- Keith Hickey

Three home wins. Five draws. Parity’s a bitch.

At least Vancouver fans will be happy.

After all the exciting buzz around the start of the season (“Soccer’s bigger than hockey if you squint like this and pretend games on FSC don’t get their asses handed to them in the ratings by the WNBA and reruns of Pawn Stars and if you act like Seattle is representative of the average attendance of rest of the league! I‘m totes serious, for realsies!” ), we had a painful reminder of how far MLS has to go.

We’ve all heard pundits say something along the lines of “Show this game to anyone who doubts that soccer is exciting and you'll make them a fan.” Well, if you had shown me a tape of Los Angeles v. Philadelphia when I was a kid, I probably would have taken up bird-watching or poetry or joined the glee club or something. That was a dire game. Peter Nowak can go on Extra Time Radio all he wants and tell Simon Borg how he wants his team to play attractive soccer, but by starting two defensive midfielders and Carlos Ruiz, he’s showing you exactly the type of cynical football he wants to play.

And we might as well call Bruce Arena the soccer dementor. A DaveyBecks™ free kick gets redirected in, and he just sucks the soul out of a the game. After the soft red, he digs in like it’s Verdun and absolutely kills any hope of the least bit of excitement. Which as manager, is probably a sound strategy, but I was hoping for the lights to fail so everyone there could go home and watch paint dry for some mental stimulation.
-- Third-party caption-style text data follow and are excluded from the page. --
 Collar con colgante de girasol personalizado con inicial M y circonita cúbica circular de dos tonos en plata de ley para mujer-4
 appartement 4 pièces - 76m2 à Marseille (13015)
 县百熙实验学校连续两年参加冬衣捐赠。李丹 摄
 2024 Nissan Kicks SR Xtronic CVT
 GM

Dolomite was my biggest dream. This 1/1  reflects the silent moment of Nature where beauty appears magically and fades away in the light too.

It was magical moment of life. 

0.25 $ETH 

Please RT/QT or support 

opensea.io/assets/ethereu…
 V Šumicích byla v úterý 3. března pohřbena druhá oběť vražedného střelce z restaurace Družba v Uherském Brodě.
Seattle continued their quest to get Sigi fired by twice giving up the lead against San Jose, who have quietly become one of the most likeable teams in the country. MLS originals, you have to sympathize with a fan base who have been screwed over so many times. They’ve also managed to build a playoff contender with a solid core of American players (Just six players currently on the Quakes' roster are foreigners, and one of them is on loan). They’re about as “plucky underdog” as you can get.

New England, Toronto, and New York, (all Eastern Conference) drew at home with Portland (Western Conference expansion team, second to last place overall coming in), Chivas (Western Conference, last place overall coming in), and Houston (formerly Western Conference, last place in the East). Sporting Kansas City (Eastern Conference) gave up late goals against Vancouver (Western Conference expansion team) to draw 3-3. Los Angeles (Western Conference) beat Philadelphia (Eastern Conference). Colorado (Western Conference) beat D.C. (Eastern Conference). Real Salt Lake (Western Conference) and Chicago Fire (Eastern Conference) didn’t play, but you’d expect the Royals to win that because, well, they’re pretty damn good at soccer.

If you’re on an average team in the east, you’ll have a legitimate shot at the playoffs. If you’re on an average team in the West, hope you get traded to the East if you want to play postseason soccer.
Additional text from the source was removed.